I Captured It On Film


By Ellender Boudreaux
In March of 2009, I received a call from my sister-in-law, Ruby. I had not heard from the family since December, when I got a Christmas card from them. After telling me hi, she told me my brother wanted to talk with me.
When she gave him the phone, and he began to talk to me, I could tell he was crying.
He immediately told me, “I have cancer, it’s in my liver, in my brain, and in my colon. They want to put me in the hospital and decide the treatment that will prolong my life for a few months. If I do not take any treatments, I probably have only a couple of months to live. I have decided not to take any procedures to fight the cancer; I feel it will only continue the pain.

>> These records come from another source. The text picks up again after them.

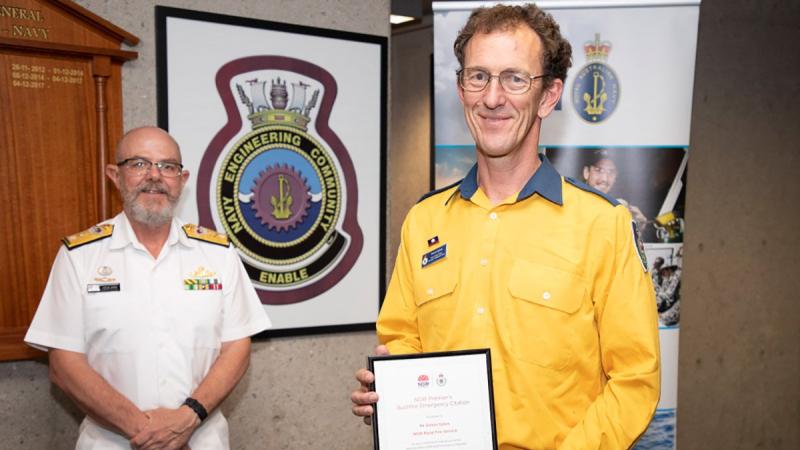 Head of Navy Engineering Branch Commodore Colin Dagg with engineer Simon Sykes who received a NSW Premier’s Bushfire Emergency Citation. Photo: Petty Office Bradley Darvill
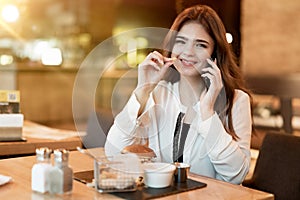 Young beautiful woman in white stylish blouse looks hungry eating meat burger with fries for lunch in trendy cafe while having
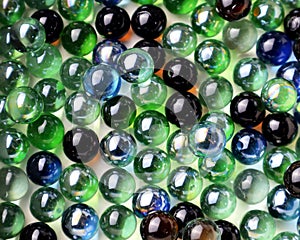 Bunch of colorful glass marbles on the white background.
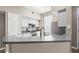 Bright kitchen with stainless steel appliances and gray countertops at 9842 Lake Chase Island Way, Tampa, FL 33626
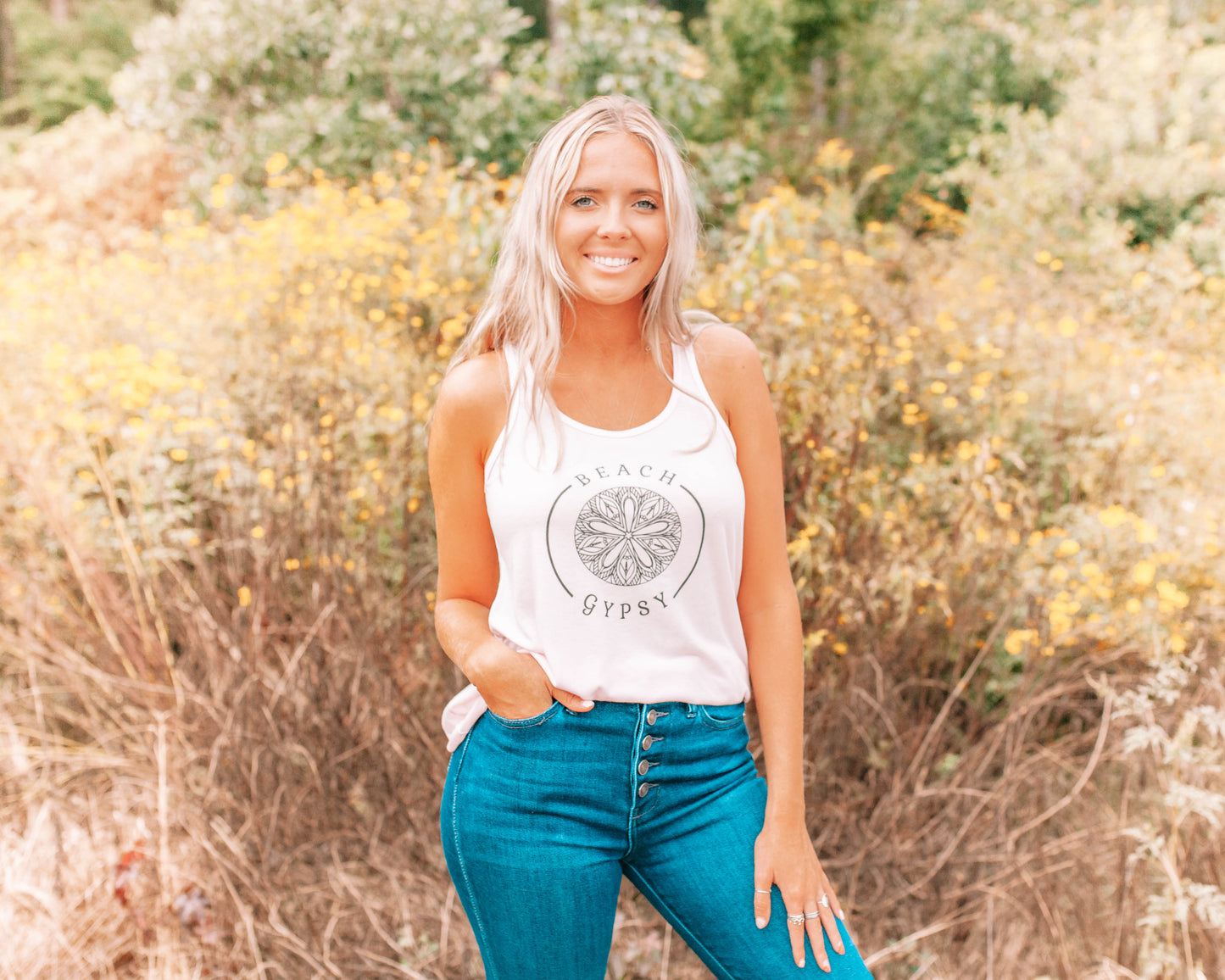 girl wearing pink tank top with black Beach Gypsy logo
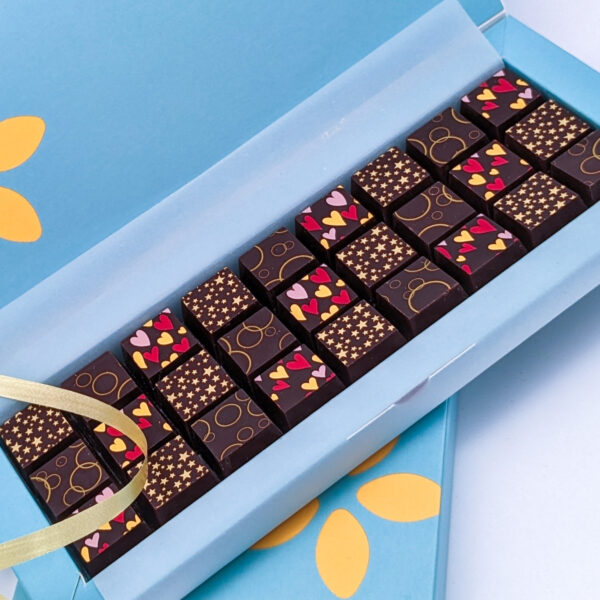 A Gift Box Of Solid Decorated Dark Chocolates - Image 4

I have lost so much weight that I do not feel like fighting any longer.”
My heart was so heavy at that moment I couldn’t talk.
I told him to do whatever he needed to do to keep from having too much pain, and we would see him in a few days.
I decided to make a copy of the stories I had written about our growing up, and put them into a book, and add pictures we had taken through the years, to remind him of the good life we had experienced.
As I opened the album and looked at the old pictures that were taken many years before, I saw our family as we were then. I looked at the photos taken of my mom and the six of us children. I saw the pain she was enduring after the death of our father.
As I looked through the book for other photos, I saw our joys and sorrows come into view. Here to remember were photos of our school years, our working days, and our marriages. Each picture a story remembered.
As I continued to look, there were the pictures of Donald and his brother, Oliver, he loved so much.
Now, as I look for more, there are pictures of a kid, eighteen, in an army uniform, then his return from the Korean War. Following his return photos, I found a picture of two happy people in a wedding photo. Shortly after their marriage they moved to Texas, and the pictures were less and less as their lives became too busy for visits back home.
When we did get together, we always used our cameras to remember these visits of Christmas, Easter, happy times and sad visits, like funerals of love ones.
We did make our trip to Texas last week.  It was a good day, even though we knew it could be our last visit with my brother.
We took those memory photos, and now as I look at them, I see in the group, the changes the passing years have made.
The four of us, Donald, Joyce, Mildred, and me were still happy to be together that day, however, one sister was not able to be with us. Wanda and her husband, Don are in a nursing home, but I will put her picture there with the rest of us.
As I closed the album, I realize that nothing will be as it once was, and that the old family album is a priceless possession to save forever. What a wonderful thing to be able to go back in time and see recorded on film, our lives as we lived it through the years.